The company recently ratcheted up that secondary payment. That additional payout could head even higher in 2024. This upside potential makes Devon Energy an interesting option for income-seeking investors.

Bouncing back

Devon Energy's dividend payment has fluctuated with oil prices over the past several quarters. It surged with crude oil in early 2022 before sliding as oil cooled off over the last few quarters.

However, that steady downward trend has finally reversed course:

A chart showing Devon Energy's dividend payments by quarter.

Data source: Devon Energy. Chart by the author.
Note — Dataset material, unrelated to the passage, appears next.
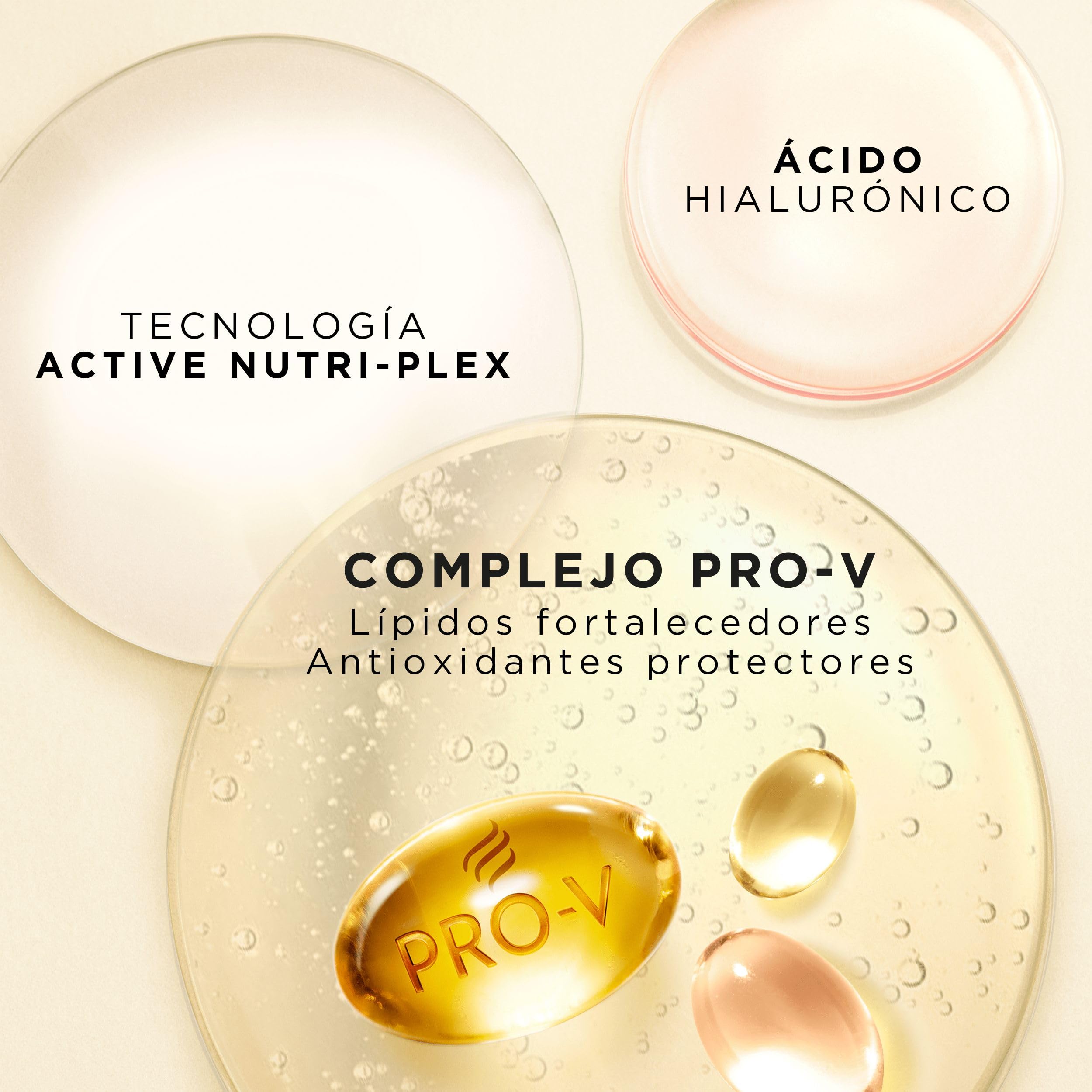 Pantene Pro-V Suave Y Liso Mascarilla Protectora De Keratina 3X300ml Para Pelo Encrespado Y Seco. Hasta 72H De Pelo Suave Y Brillante En Un Solo Uso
Devon Energy recently declared its latest dividend payment, setting it at $0.77 per share (a $0.20 per share base payout and a $0.57 per share variable payment). That's a whopping 57% increase from its dividend payment last quarter. This payment pushed its 2023 total to $2.87 per share. That gives Devon Energy an annualized dividend yield of 6.2% at its recent share price.

The oil company's resurgent free cash flow fueled the higher dividend. Devon's operating cash flow jumped 23% from last quarter to $1.7 billion, while its free cash flow more than doubled to $843 million. Its cash flow got a boost from higher production (output rose by 10% per share compared to last year) and improved oil prices (Devon sold its oil for a net $79.81 a barrel in the third quarter compared to $71.74 a barrel in the second quarter).
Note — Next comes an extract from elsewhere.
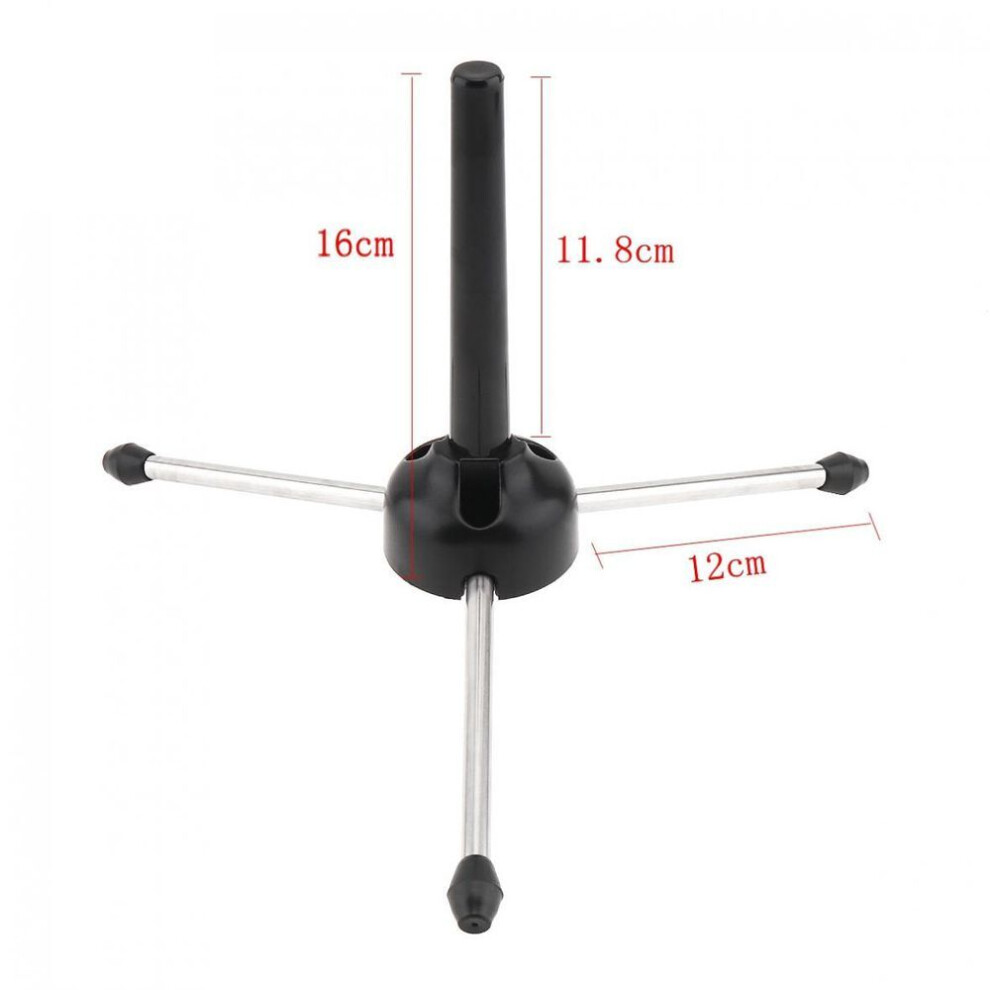 Foldable Portable  Metal Tripod Stand Holder for Flute Clarinet Instrument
The dividend could head even higher next year

Devon Energy aims to generate even more cash next year. The company recently gave a sneak peek at what's ahead by providing its preliminary guidance for 2024. CEO Rick Muncrief commented: "Looking ahead to 2024, we plan to refine our capital allocation by further concentrating investment in the Delaware Basin. By shifting more capital to the core of this world-class basin and high-grading activity across our diversified portfolio, we expect to deliver a step-change improvement in capital efficiency, and we are well positioned to generate growth in free cash flow that can once again be harvested for shareholders."

The core of Devon's plan is to shift more of its capital spending to the low-cost Delaware Basin section of the Permian. Devon intends to allocate 60% of its capital budget toward developing its Delaware Basin acreage. It will free up capital by cutting spending in the Williston Basin by 50% and reducing appraisal drilling in the Eagle Ford.
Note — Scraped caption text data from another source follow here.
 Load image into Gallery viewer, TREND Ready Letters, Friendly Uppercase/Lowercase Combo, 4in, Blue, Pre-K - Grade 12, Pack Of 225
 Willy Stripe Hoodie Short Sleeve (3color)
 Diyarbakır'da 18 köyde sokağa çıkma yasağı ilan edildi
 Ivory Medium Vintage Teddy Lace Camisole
This plan should enable Devon to produce more free cash flow in 2024:

A slide showing Devon Energy's preliminary 2024 plans.

Image source: Devon Energy.

As that slide shows, Devon sees its capital spending declining by 10% next year, driven by service cost deflation and a shift toward higher-return drilling in the Delaware Basin. That investment level will keep its full-year total production roughly flat with its 2023 exit rate. Meanwhile, it will boost its free cash flow by about 20%, assuming oil prices average around $80 a barrel (slightly above the recent oil price).

That will give Devon more money to return to shareholders. The company plans to send them 70% of its free cash flow next year through its base dividend, variable dividends, and share repurchases. It intends to increase its fixed base dividend payment while returning additional cash through variable dividends and repurchases.

Meanwhile, there's upside to that plan if oil prices average more than $80 a barrel or the company completes a needle-moving acquisition. Higher cash flow would give Devon more money to return to its investors via the variable dividend.

The dividend could be a lot higher in 2024

Devon Energy recently gave its investors a big raise as higher oil prices enabled it to generate a lot more free cash flow in the third quarter. The company could pay an even higher dividend next year, fueled by its plan to shift capital spending to its highest return region to generate more cash. That makes Devon an intriguing option for investors seeking a high-yielding payout with high upside potential.